Na prática, o sistema reduz o intervalo entre a decisão da Justiça e o registro da restrição sobre o imóvel. Antes, a comunicação podia depender de diferentes procedimentos até chegar ao cartório responsável.
A plataforma conecta os Cartórios de Registro de Imóveis aos Tribunais de Justiça de todo o país e permite que, após a confirmação eletrônica dos dados, a ordem seja encaminhada diretamente à serventia competente.
A expectativa é reduzir falhas formais, retrabalho e devoluções de documentos, além de diminuir o risco de um imóvel ser vendido ou sofrer alguma alteração patrimonial antes que a restrição judicial seja registrada.

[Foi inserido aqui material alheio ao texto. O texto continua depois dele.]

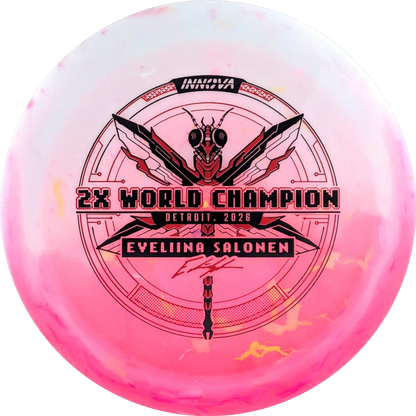Duo Partytime 2026 Worlds Eveliina Salonen Destroyer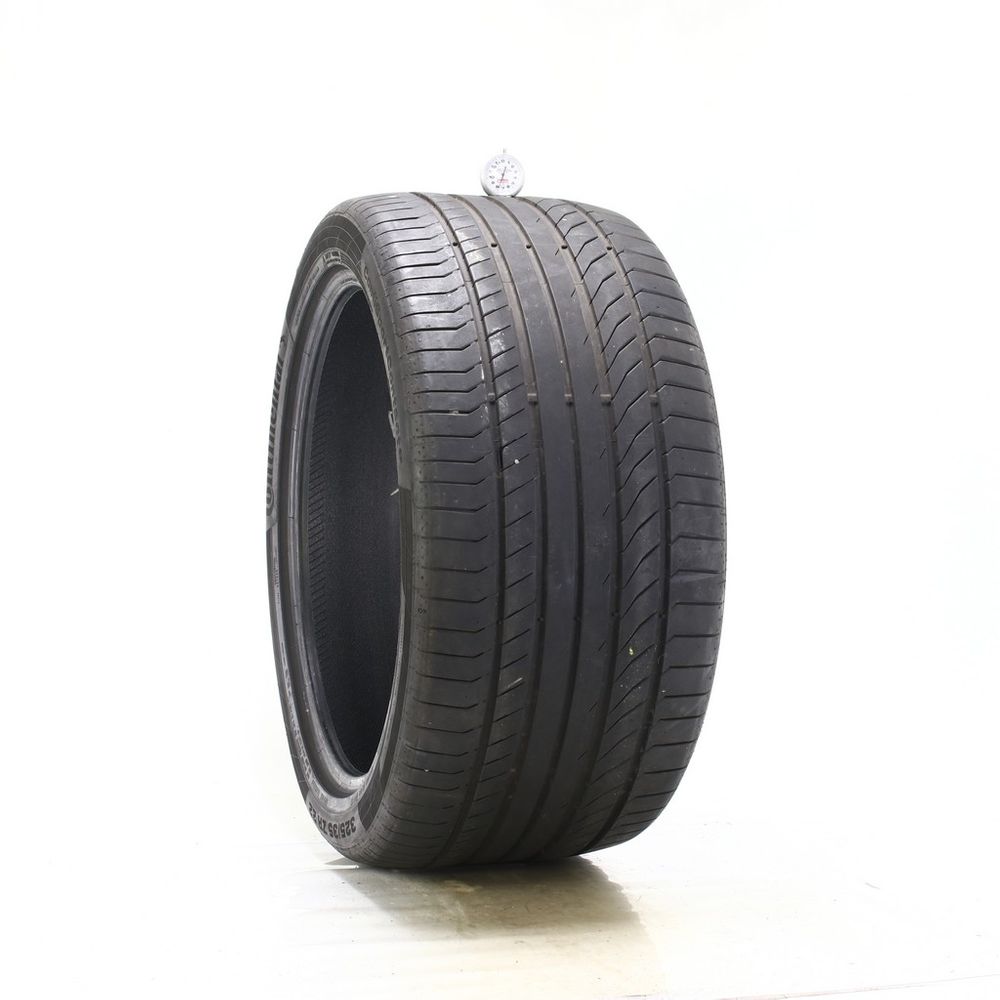 Used 325/35ZR22 Continental ContiSportContact 5P MO 110Y - 7.5/32 - Image 1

Penhoras cresceram no Espírito Santo
Entre 2020 e 2025, cerca de 2,4 mil penhoras de imóveis foram processadas no Espírito Santo pelo sistema utilizado anteriormente.
O número anual passou de 44 penhoras em 2020 para 480 em 2025, aumento de aproximadamente 990%. O maior volume foi registrado em 2024, com 528 ocorrências.
Nos primeiros sete meses de 2026, outras 432 penhoras já haviam sido processadas no estado.
Segundo o presidente do Sindicato dos Notários e Registradores do Espírito Santo (Sinoreg-ES), Márcio Oliva Romaguera, a integração tende a tornar as decisões judiciais mais efetivas e aumentar a segurança nas transações imobiliárias.
Nesta primeira etapa, o Constri-Jud será utilizado para ordens de penhora, arresto e sequestro. A previsão é que a plataforma incorpore posteriormente outros procedimentos, como cancelamento de restrições, bloqueio de matrícula, hipoteca judicial e averbações relacionadas a processos em andamento.